HTML defines a hierarchical tree structure. Let’s look at a minimal example:

<!doctype html>
<html>
  <head>
    <meta charset="utf-8">
    <title>An Awesome Website</title>
  </head>
  <body>
    <h1 id="awesome">Awesome Website</h1>
    <p id="intro">
      This is a paragraph of text linking
      to <a href="http://example.com/page">another Web page.</a>
    <p>This is another paragraph to introduce data &amp; stuff:
      <table class="datatable" id="bigdata">
        <thead>
          <tr><th>Key</th><th>Value</th></tr>
        </thead>
        <tbody>
          <tr id="importantrow"><td>Foo</td><td>Bar</td></tr>
          <tr><td>Baz</td><td>Bam</td></tr>
        </tbody>
      </table>
      <!-- This is a comment and is ignored -->
      <p>Notice the use of &lt;thead&gt; and &lt;tbody&gt; tags, which are
      actually optional.
  </body>
</html>

Notice some features of HTML:

Tags

Tags are named inside square brackets, like <h1>. There is a set of tags with predefined meanings, like <p> for paragraphs and <table> for tables.

Tag hierarchy

Tags enclose text and other tags: tags open with a form like <p> and close with </p>, and everything in between is enclosed in those tags. All tags have to be closed, except those that don’t. (Since people writing web pages were very bad at remembering to close tags, browsers now have standard rules for inferring when you meant to close a tag; notice the paragraphs above aren’t closed.)

Attributes

Tags can have attributes, which are key-value pairs describing the content inside them. Many attributes have specific meaning: id is used for unique identifiers for elements, which can be used in JavaScript or CSS to modify those elements, and a class can be assigned to many elements which should somehow behave in the same way.

Escaping

Characters like <, >, and & have specific meanings in HTML. If you want to write < without it starting a new tag, you have to escape it by writing <. There are many escapes, like © for the copyright symbol, and numeric escapes for specifying arbitrary Unicode characters. These are called “HTML entities”.

Whitespace

Whitespace has no meaning in HTML. You could put the above HTML document on one line or four hundred, if you’d like. Spaces are collapsed: writing two spaces between words is the same as writing one space between words. Hence lines that wrap, above, don’t have excess spaces because of the indentation.
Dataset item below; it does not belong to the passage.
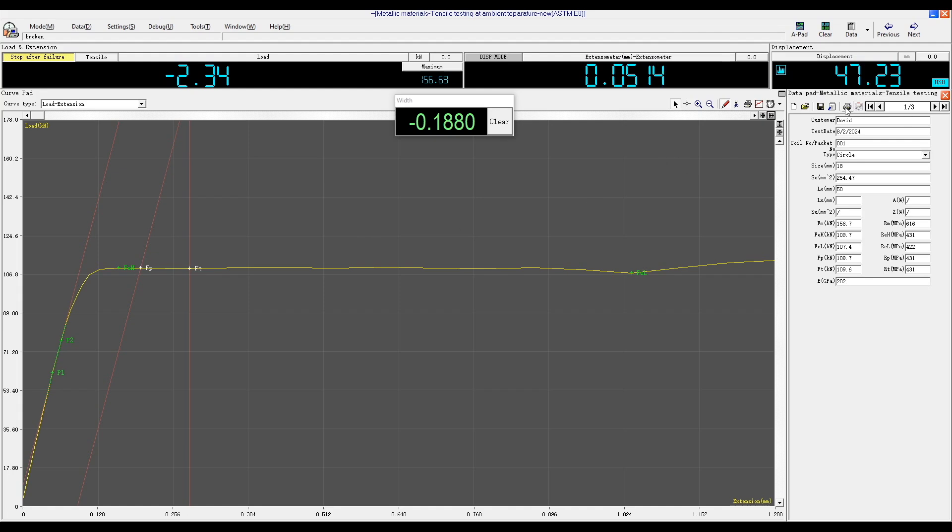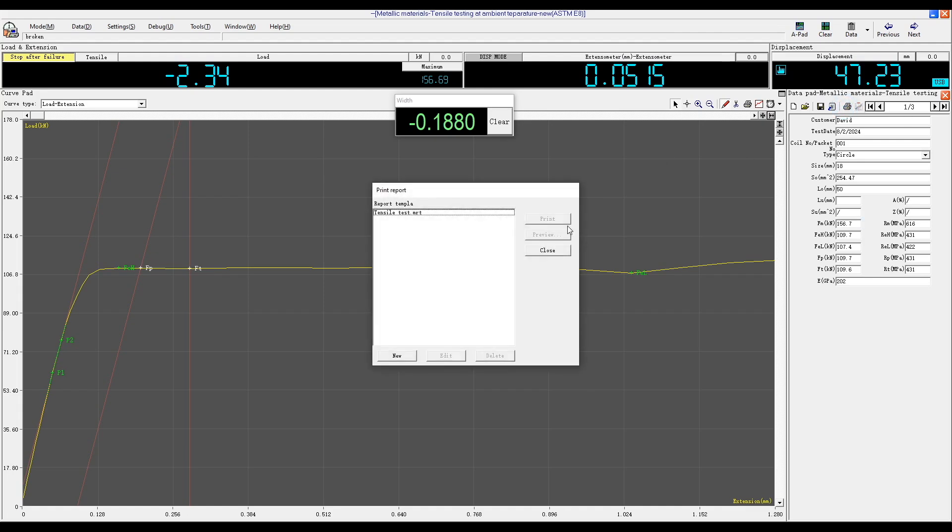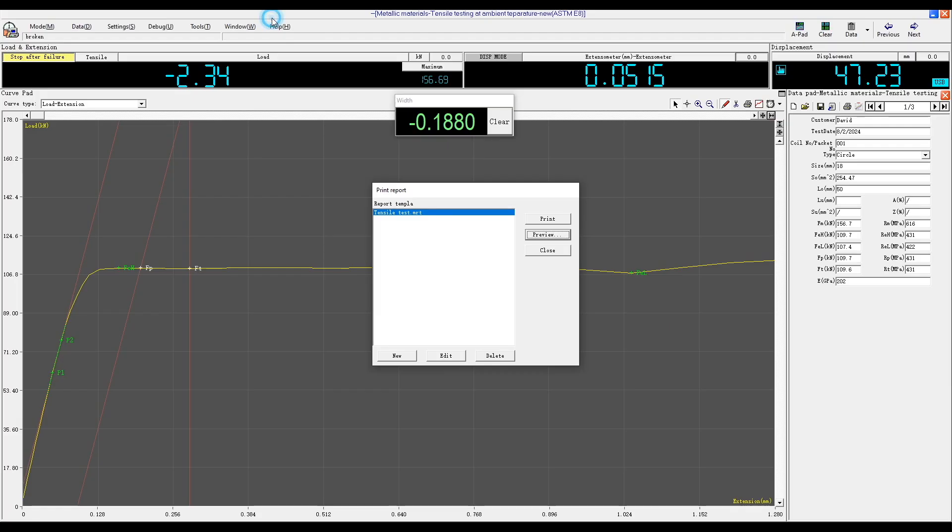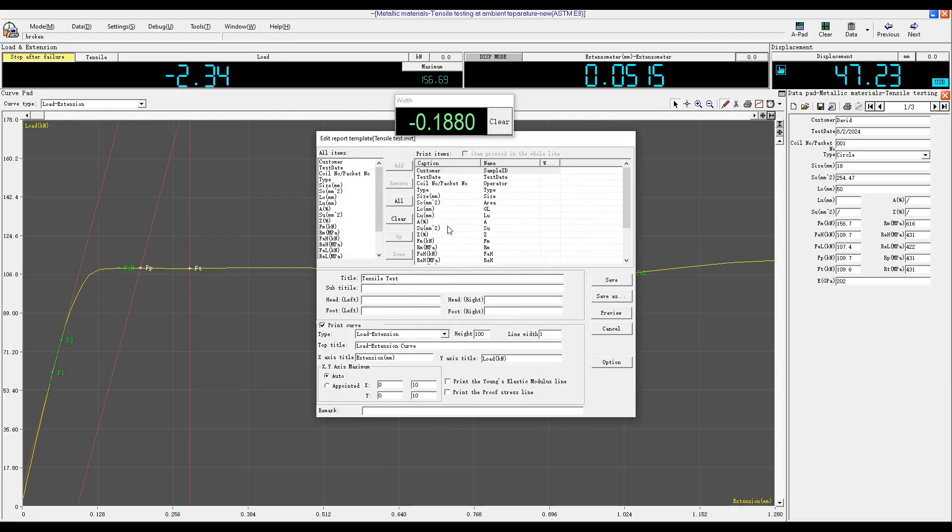Click Print to review the test report for the load extension curve. You can click Edit to choose other curves, such as stress strain curves. Once you have selected your preferred curve, click Save, and then click Preview. Click Setting.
HTML’s complex structure makes it difficult to parse; the HTML standard chapter on syntax has headings going as deep as “12.2.5.80 Numeric character reference end state”. Do not attempt to parse HTML with regular expressions.

If you use an HTML parsing package – rvest uses the libxml2 parser underneath, while Beautiful Soup uses html5lib – it will handle all the complexity for you.

For example, for the example HTML file above:

from bs4 import BeautifulSoup

soup = BeautifulSoup(open("example.html", "r").read(), "lxml")

ps = soup.find_all("p") # get a list of the 3 <p> tags

ps[0]["id"] # "intro"

ps[-1].string # 'Notice the use of <thead> and <tbody> tags, which are\n      actually optional.\n  '

Or, in R,

library(rvest)

example <- read_html("example.html")

example %>% html_nodes("p")  # list of 3 nodes

example %>% html_nodes("#awesome") %>% html_text() # "Awesome Website"

example %>% html_nodes("table") %>% html_attr("class") # "datatable"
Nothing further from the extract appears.